DESCRIPTION OF THE TASK: Your answer must match the records word for word and contain no pictures.

(Pictures with short captions)

• • • • • • •

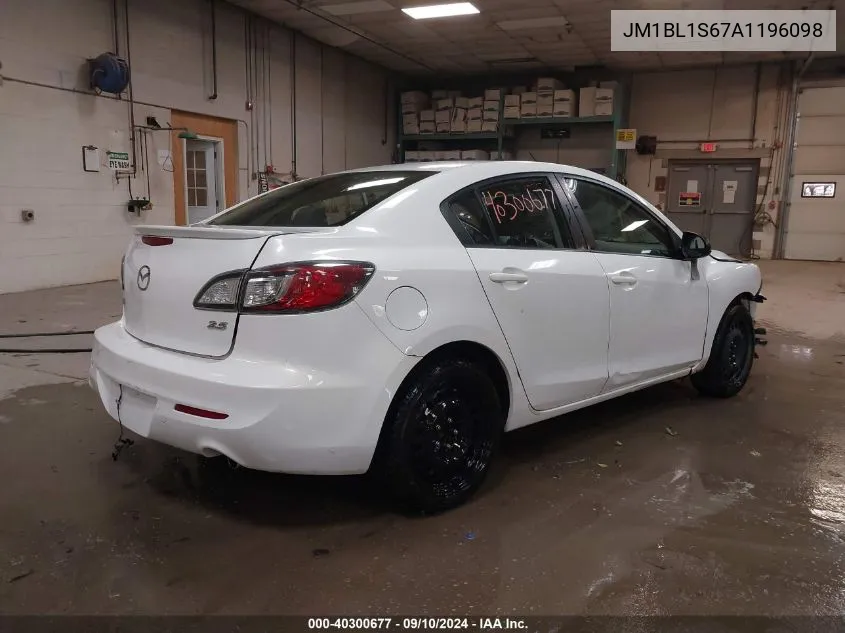 JM1BL1S67A1196098 2010 Mazda Mazda3 S Sport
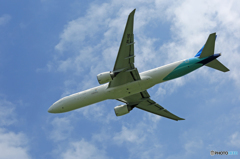 ☀「青い空」が一番 Garuda 777-3U3 PK-GIE 出発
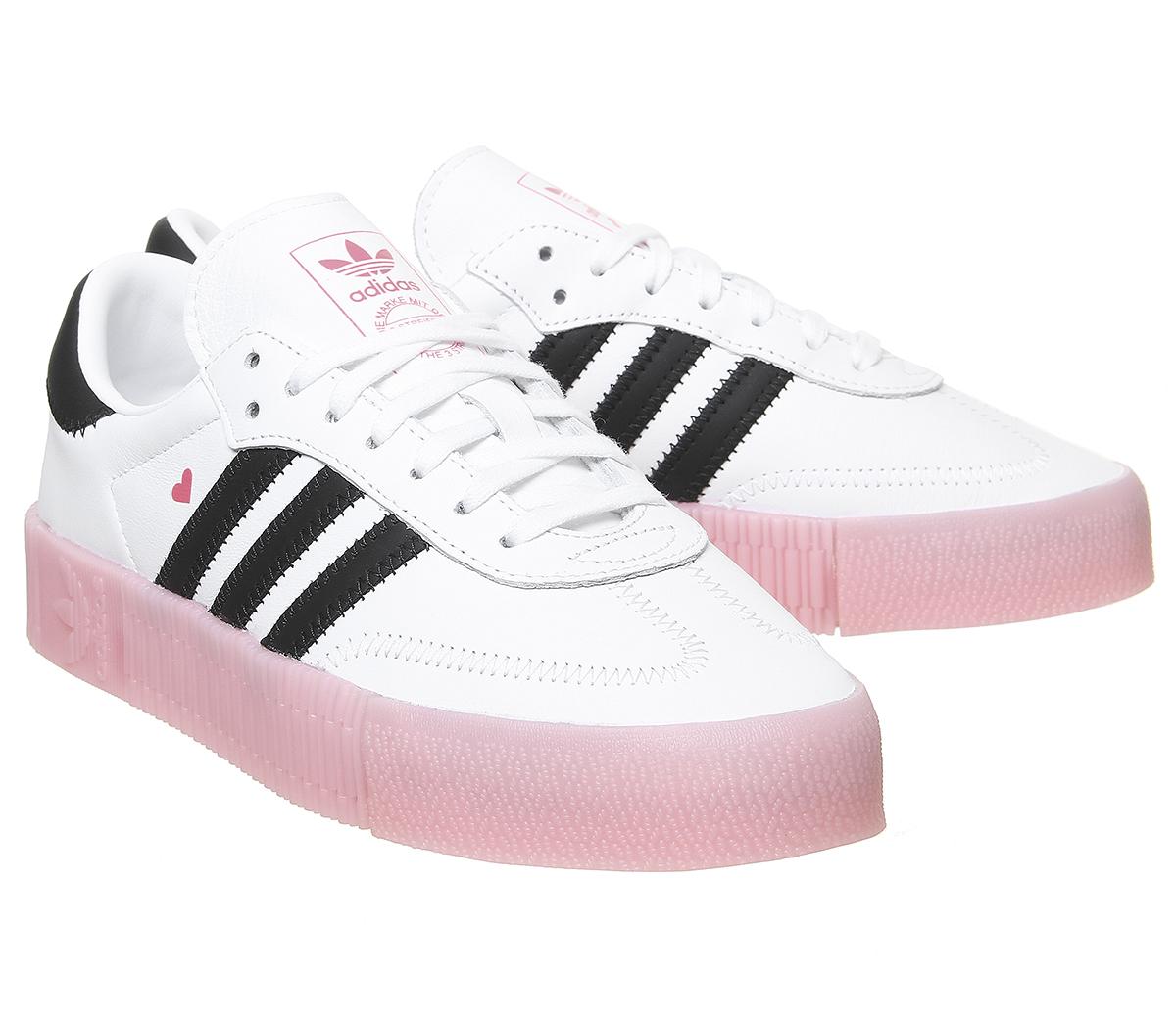 Adidas Samba Rose Trainers White Black Glory Pink Womens Trainers 6864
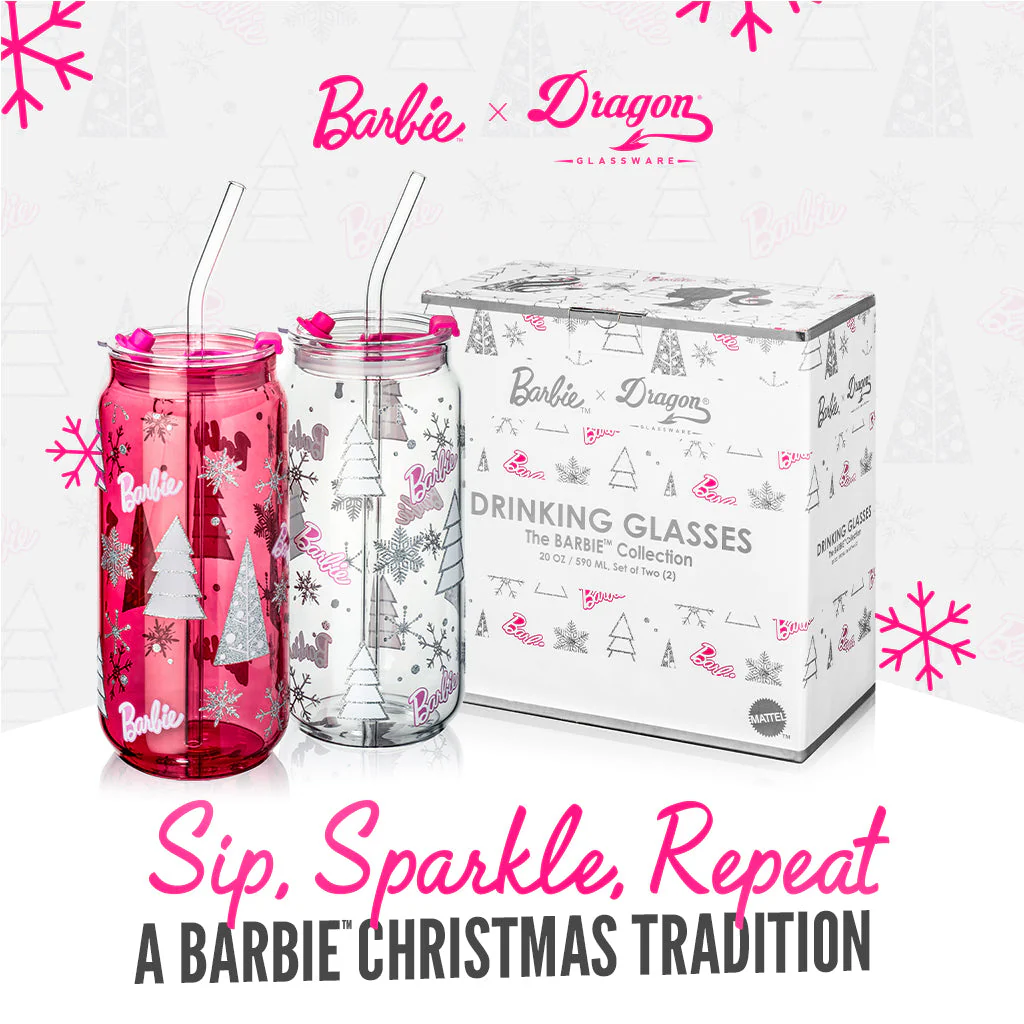 Mattel Creations Barbie™ Christmas Drinking Glasses - 20 Oz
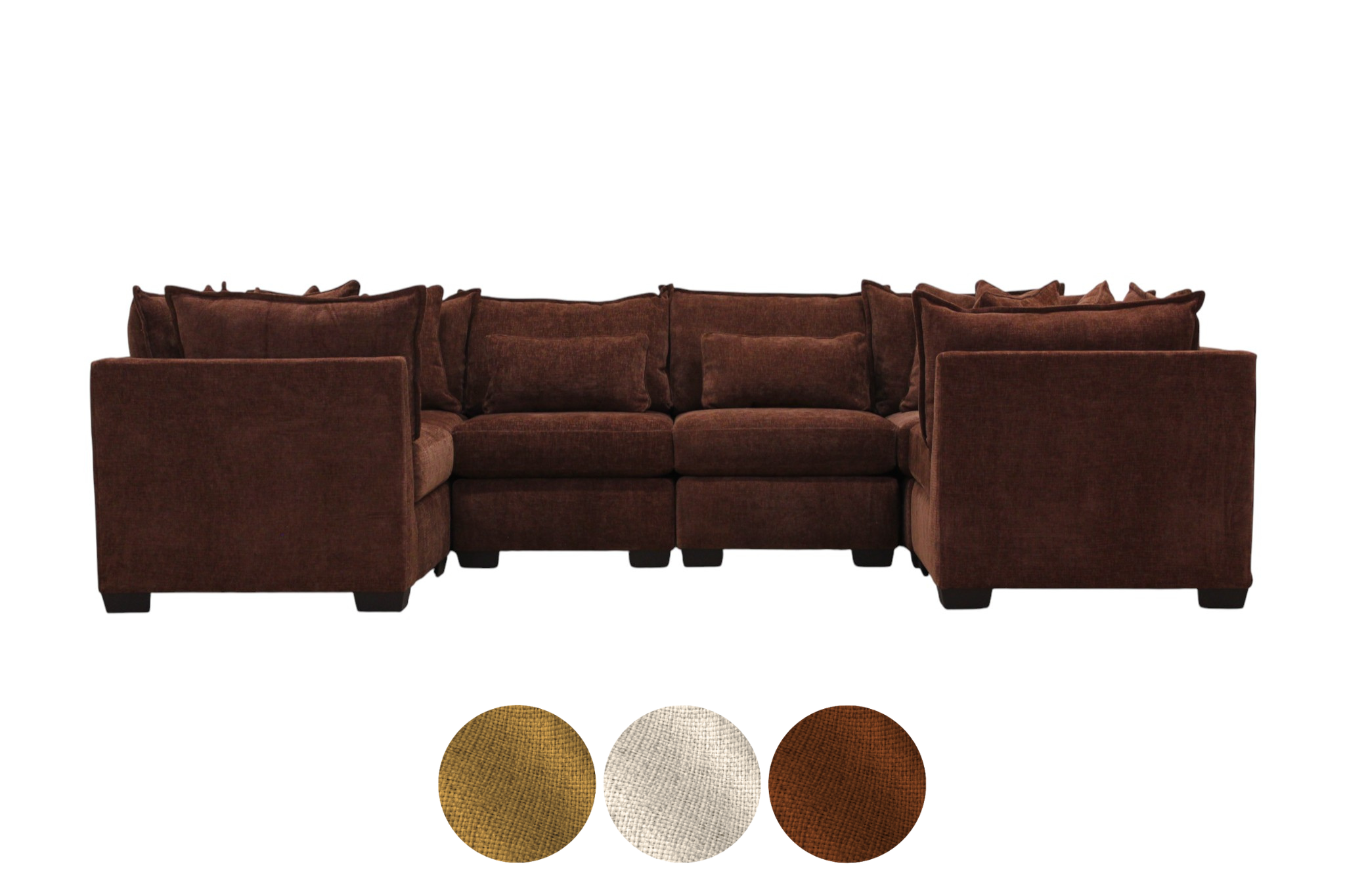 Atlas 6-Seat Modular Washable U-Shape Sectional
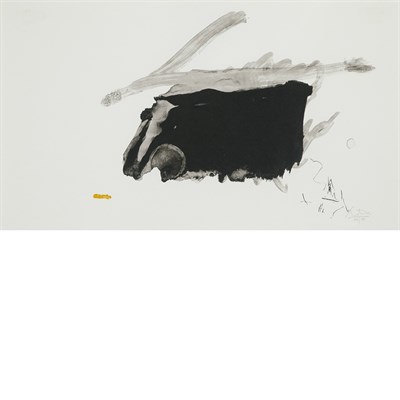 Lot 450 - Robert Motherwell AIRLESS BLACK (B. 279; E./B....
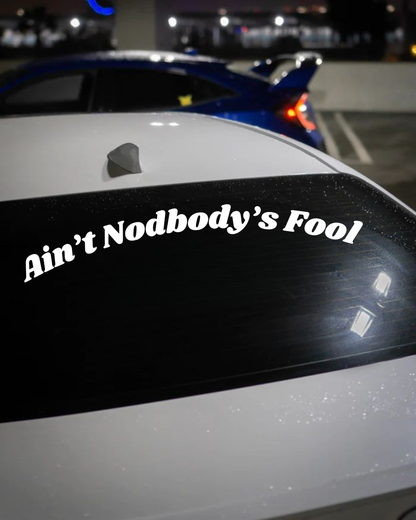 Schriftstil-Muster Ain’t Nodbody’s Fool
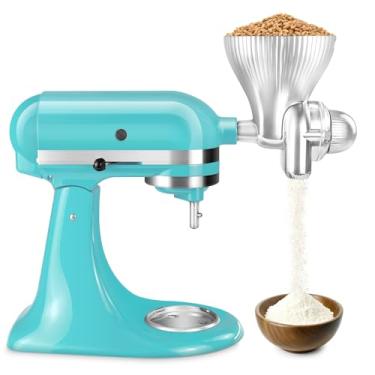 Imagem de Acessório de moedor de grãos para batedeira KitchenAid, acessórios e acessórios de auxílio de cozinha, moedor de farinha, acessório de misturador, moedor de trigo, adequado para moer trigo, milho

• • • • • • •

ANSWER BOX:
 JM1BL1S67A1196098 2010 Mazda Mazda3 S Sport
 ☀「青い空」が一番 Garuda 777-3U3 PK-GIE 出発
 Adidas Samba Rose Trainers White Black Glory Pink Womens Trainers 6864
 Mattel Creations Barbie™ Christmas Drinking Glasses - 20 Oz
 Atlas 6-Seat Modular Washable U-Shape Sectional
 Lot 450 - Robert Motherwell AIRLESS BLACK (B. 279; E./B....
 Schriftstil-Muster Ain’t Nodbody’s Fool
 Imagem de Acessório de moedor de grãos para batedeira KitchenAid, acessórios e acessórios de auxílio de cozinha, moedor de farinha, acessório de misturador, moedor de trigo, adequado para moer trigo, milho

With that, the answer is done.